Ferguson says that each of the characters responds to the moment of discovery – and the threat it represents.  “We all have our own relationship to this creature. Some of us love it, we nurture it.  Some of us want to kill it off in the beginning.  And that creates an incredible tension in the group,” she says.

“Some of us are a little more excited than others.  Some are incredibly aggressive, others more conservative.  And these ideas are mixed together – but like a lot of human actions, we push things a little farther than we should,” explains Ryan Reynolds, who plays mission specialist Rory Adams.

Adams is the spacewalk specialist, and he'll tell you just how cool that is.  (It's f-in cool.)  Just charming enough to keep from being called cocky, and way more handsome than he needs to be, Adams is the rock star of the mission.

“A mission specialist is a fancy way of saying he’s a mechanic who understands how the ship works, how to fix anything that breaks,” says Reynolds.  “He’s also the guy that specializes in the spacewalk and he operates the Canadarm, a system that they use to capture the Mars capsule that is hurdling through space.”

Ariyon Bakare plays Hugh Derry, the British scientist in charge of analyzing the alien creature.  This moment is the culmination of his life – not just his career, but every dream he's had since he was ten years old.

“He’s a paraplegic – he lost the use of his legs when he was ten years old,” Bakare explains.  “The creature represents the beginning of our findings – there are so many things you could find out just by finding this specimen.
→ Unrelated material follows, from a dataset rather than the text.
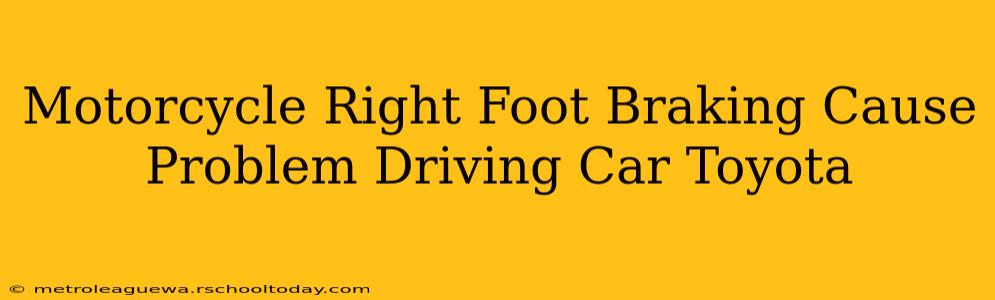 Motorcycle Right Foot Braking Cause Problem Driving Car Toyota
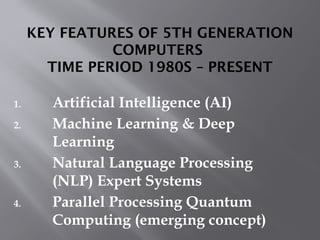 Key Features and Technologies of 5th Generation Computers: AI, Quantum ...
We have no idea what it could mean for life on Earth, and Derry has a special connection with it in that way.”

To play a paraplegic in zero gravity required a bit more harness work from Bakare than from the other actors.  “All of the other characters have one harness, but I had three: a body harness, a swivel, and a jerk vest, which was like a straightjacket,” he says.  “Derry can’t move his legs, so in one particular scene – when his hand gets crushed – his legs have got to be wild and ferocious.”

Bakare admits that the script scared his pants off before he even joined the project.  “I was reading the script, got to one page and I literally screamed,” he says.  “I was just shocked by how it guides the characters into this false sense of security.  You think that everything’s going to be all right, and then it twists into something else.”

Sho Murakami, played by Hiroyuki Sanada, is the flight engineer and elder statesman on board.  His anxiety is higher than anyone else on board, but not because of the dangers of space – after years of trying, he is about to become a father, with his expectant wife much too far away.  Of course, when the creature begins to wreak havoc, that anxiety becomes something else.  “He starts to lose his mind, little by little – he panics,” says Sanada.

The mission is under the command of Russian cosmonaut Ekaterina Golovkina, played by Olga Dihovichnaya.  Fiercely loyal, brave, and demonstrating the cool head of a leader, the safety of her crew is her top priority.

“My character demonstrates a common human fear of the new and unknown,” she says.  “One side of her is in control and in charge – the commander – but there is also a side that has this fear and she often reacts defensively.”